"Produkcja nie spodobała się również Luisowi Martinezowi z "El Mundo". Napisał, że żarty pokazane w filmie są "nieznośnie nieświeże, homofobiczne i mizoginistyczne"."
To oznacza, ze film jest cudowny.
Jestem po seansie i jakoś nie widziałem tych homofobicznych czy mizoginistycznych żartów. Niektóre były czerstwe, ale to tyle. Niektórzy to się wszędzie doszukują problemów "na topie".
100% zgody, ten film nawet nie stał przy homofobicznych/mizoginistycznych żartach
Jakby napisali, że podobał się Prezesowi, dałbyś 20.
PS. Nawiasem mówiąc, przypuszczam, że nie oglądałeś...

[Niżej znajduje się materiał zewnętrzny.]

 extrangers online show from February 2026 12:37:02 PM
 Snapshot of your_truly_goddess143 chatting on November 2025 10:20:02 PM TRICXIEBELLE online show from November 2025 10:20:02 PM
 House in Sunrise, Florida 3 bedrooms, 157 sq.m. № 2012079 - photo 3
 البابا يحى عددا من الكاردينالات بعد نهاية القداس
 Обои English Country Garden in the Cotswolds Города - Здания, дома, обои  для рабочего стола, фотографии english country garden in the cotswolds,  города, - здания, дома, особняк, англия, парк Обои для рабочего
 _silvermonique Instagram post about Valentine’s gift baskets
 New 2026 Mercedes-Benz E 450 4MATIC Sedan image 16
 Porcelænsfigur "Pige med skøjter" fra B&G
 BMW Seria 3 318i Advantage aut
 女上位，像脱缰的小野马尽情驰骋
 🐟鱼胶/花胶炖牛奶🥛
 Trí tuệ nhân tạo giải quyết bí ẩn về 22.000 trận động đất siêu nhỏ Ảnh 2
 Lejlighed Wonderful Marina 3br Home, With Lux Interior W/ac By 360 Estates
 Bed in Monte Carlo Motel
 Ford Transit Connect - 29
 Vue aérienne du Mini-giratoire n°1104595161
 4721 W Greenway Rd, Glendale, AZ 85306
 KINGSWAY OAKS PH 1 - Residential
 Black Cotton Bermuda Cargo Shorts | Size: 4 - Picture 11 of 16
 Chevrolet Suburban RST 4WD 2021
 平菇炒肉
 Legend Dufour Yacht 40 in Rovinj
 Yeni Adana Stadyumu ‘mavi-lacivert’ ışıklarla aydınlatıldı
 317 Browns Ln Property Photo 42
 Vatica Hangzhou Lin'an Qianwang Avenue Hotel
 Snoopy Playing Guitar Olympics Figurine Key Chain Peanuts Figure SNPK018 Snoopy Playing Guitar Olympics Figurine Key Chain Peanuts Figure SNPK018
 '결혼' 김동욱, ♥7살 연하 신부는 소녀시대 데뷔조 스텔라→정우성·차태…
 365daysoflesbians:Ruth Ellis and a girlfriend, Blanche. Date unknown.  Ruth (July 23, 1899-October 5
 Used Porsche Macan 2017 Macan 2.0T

Nie, to nie oznacza, że film jest cudowny. Żeby stwierdzić, że film jest cudowny, trzeba go obejrzeć. A w "The Palace" nie ma tej niepoprawności politycznej, o której zapewniał reżyser. Uwielbiam Polańskiego, ale spojrzeć na chłodno i powiedzieć, że te film po prostu nie wyszedł z jednego powodu. Całą kapitalną robotę operatora, scenografów i tak dalej (reżysera także, aktorów trochę mniej) niszczy słaby scenariusz. Trudno się zaśmiać podczas seansu, co najwyżej można się przy niektórych scenach lekko uśmiechnąć. A jeśli niepoprawnością jest wsadzenie nie wiadomo po co kobiet w burkach w dwóch scenach albo zakleszczenie podczas stosunku spowodowane śmiercią mężczyzny, to żadna niepoprawność. Fabuła zmierza donikąd, to po prostu zbiór nieśmiesznych skeczy, na który scenarzyści nie mieli pomysłu, jak je spiąć w całość. Jeszcze raz powtórzę: szkoda pracy na planie, bo przecież gołym okiem widać, że Polański mimo dziewięćdziesiątki na karku wciąż ma energię, pomysły i fun na robienie filmów.
ok, ale chyba nie zrozumiałeś mojego wpisu. To była po prostu zabawna reakcja na pewną recenzję. Filmu nie obejrzałem bo był w kilku kinach przez kilka dni.